Where Were You On 9/11?

Do you remember where you were, and/or what you were doing on that day? What went through you mind, and how did the news of this attack affect you?
I do remember where I was on that fateful day. My wife and I were living in Southern California at the time. A few days before 9/11, she and her sister went out of town, and visited their brother, in order to lend a helping hand at his restaurant.

On 9/11, bright and early, I decided to call my wife, and to see how she were doing. My brother-in law’s wife, who always answered the phone in a very sweet manner, sounded quite distressed and very agitated. She asked whether or not I had watched the early news on TV. I told her hat I had not, and asked what was so important. She urged me to turn on my set, and to watch the horror that was unfolding in NY. I did as she asked, and could not believe the horrendous images being splashed all over the news. I could not believe my eyes. My NY was under attack. How could this be? Was the entire state under attack? I thought about my family, and wondered if they were safe, and out of harm’s way. What could I do? I became very angry, and wanted to go after those who had done this. At that moment, I began to pray for my family’s safety.
Attempts to contact them were to no avail, as telecommunication was down. I was finally able to make contact that evening. Thank God all were safe and sound. But, what about the families of those who had perished? My heart went out to them. Their lives would be disrupted forever. I began to pray for them, and asked God to see them through this nightmare.

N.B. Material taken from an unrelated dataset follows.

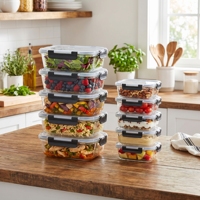 Wishome Ensemble de 10 contenants de conservation alimentaire en verre, hermétiques, anti-fuite, boîtes de préparation des repas, compatibles micro-ondes et four, organisateurs de cuisine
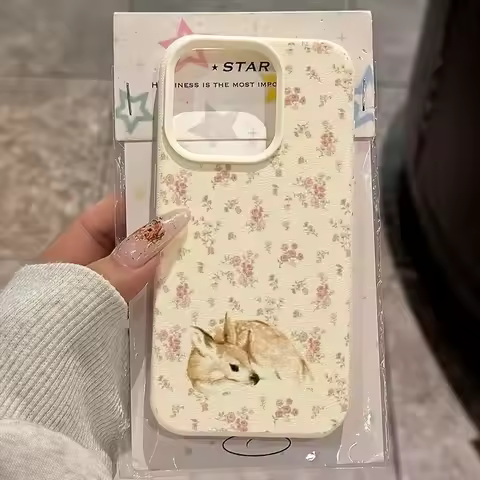 Cute Deer and Floral Lichee leather pattern Phone Case For Vivo V60 V50 V40 V30 V30E V29 V27 V25 Pro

As an Army Veteran, I felt the need to do something, but what? As I sat there, numb, and in disbelief, I kept asking myself, “Who in their right mind would be compelled to commit such an atrocity!” But then, my mind raced back to the early 90s, and the attempt by terrorists to bring down the Twin Towers. Well, they were successful this time around.

Every 9/11, I sit at the computer, in an attempt to write about this infamous day, but have not been able to focus, as I try to erase the images of what I witnessed that day, on the news. This is the first time how ever, that I have been able to write about this infamous day, when our country was being attacked.

I’m from Brooklyn, and was able to witness the completion of the Twin Towers. They sat on the Manhattan side of the Brooklyn Bridge. They were quite visible from our building, which was located near the Navy Yard. What an awesome sight they were. Every time we visited the city, (Manhattan) we would see these enormous, majestic buildings, as we crossed the bridge. Sadly, they are gone forever. Whenever I see pictures of the NY skyline, I always say, “No more twin towers.”

It took me a while, but I was finally able to forgive the evil individuals, who caused so much suffering.
Life goes on, and the perpetrators of this horrific attack, are no longer around. In spite of what they did, I do pray for their families, in the hopes that they will find the truth, and do repent. Am I wrong? I venture to say, NO! God loves these people too, so who am I to wish them eternal doom? What is your take?

18 thoughts on “Where Were You On 9/11?

  1. I was writing a technical article for the financial industry. My husband called and told me to turn the TV on. We live just above Albany, NY and have many friends who live in NYC. Luckily, none that we knew were harmed, but they lost many of their friends.
    One of our closest friends owns a business that did ongoing work at the Trade Center from before it was opened. The crew scheduled to work there on Sept 11 stopped at another building for quick maintenance before heading to the towers. But for the grace of God they were supposed to be at the top of the towers.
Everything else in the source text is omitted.